Assignment: Output the listing exactly, without its pictures.

Given data:
+ + +

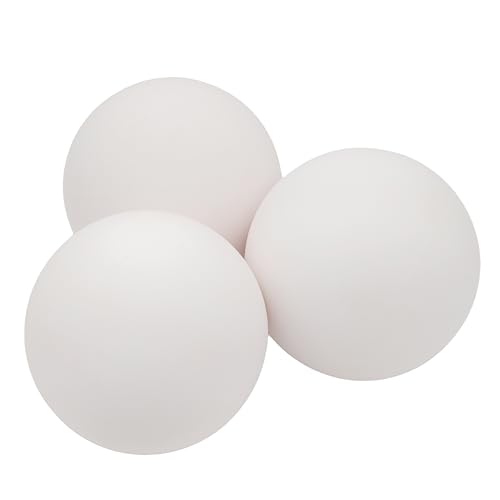Bucket Toss Replacement Balls 3 Pack - Pong Balls for Outdoor Yard Game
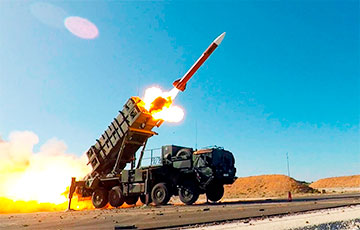 Германия вместе с другими партнерами передаст Украине 100 ракет для Patriot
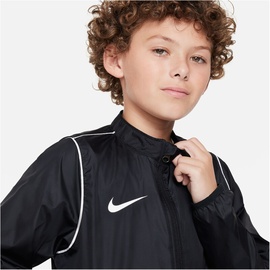 Nike Park 20 Regenjacke Kinder black/white/white XS 122-128 cm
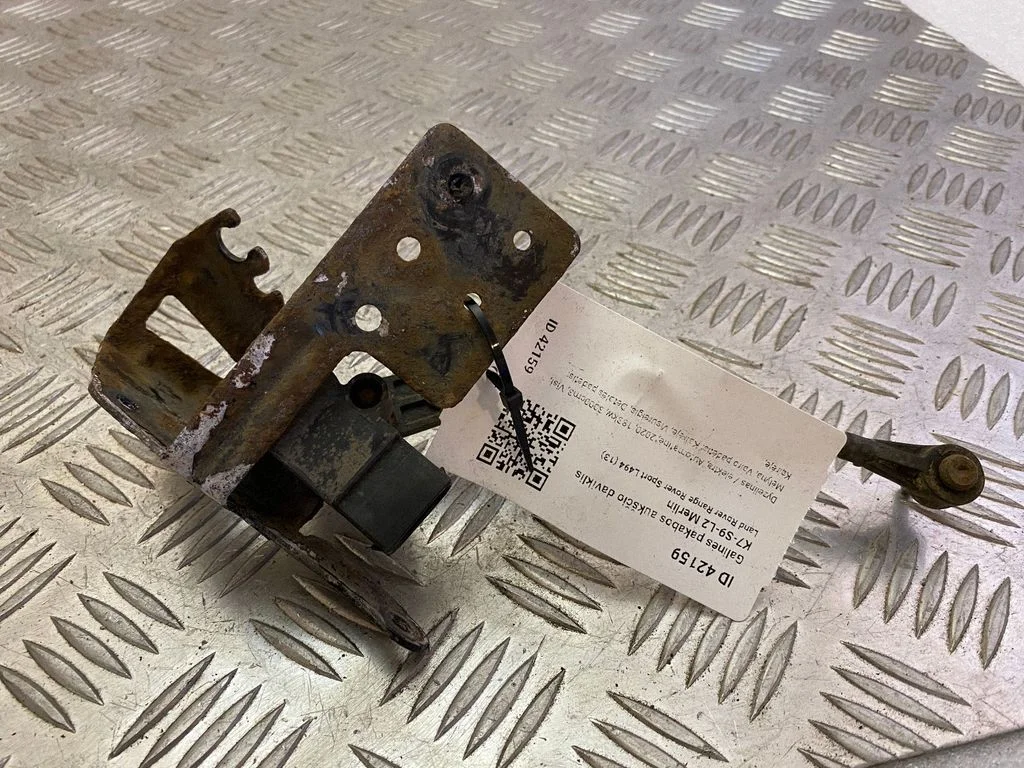 Tagumise õhkvedrustuse kõrgusandur CPLA3D026BA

+ + +

Answer to this problem:
Bucket Toss Replacement Balls 3 Pack - Pong Balls for Outdoor Yard Game
 Германия вместе с другими партнерами передаст Украине 100 ракет для Patriot
 Nike Park 20 Regenjacke Kinder black/white/white XS 122-128 cm
 Tagumise õhkvedrustuse kõrgusandur CPLA3D026BA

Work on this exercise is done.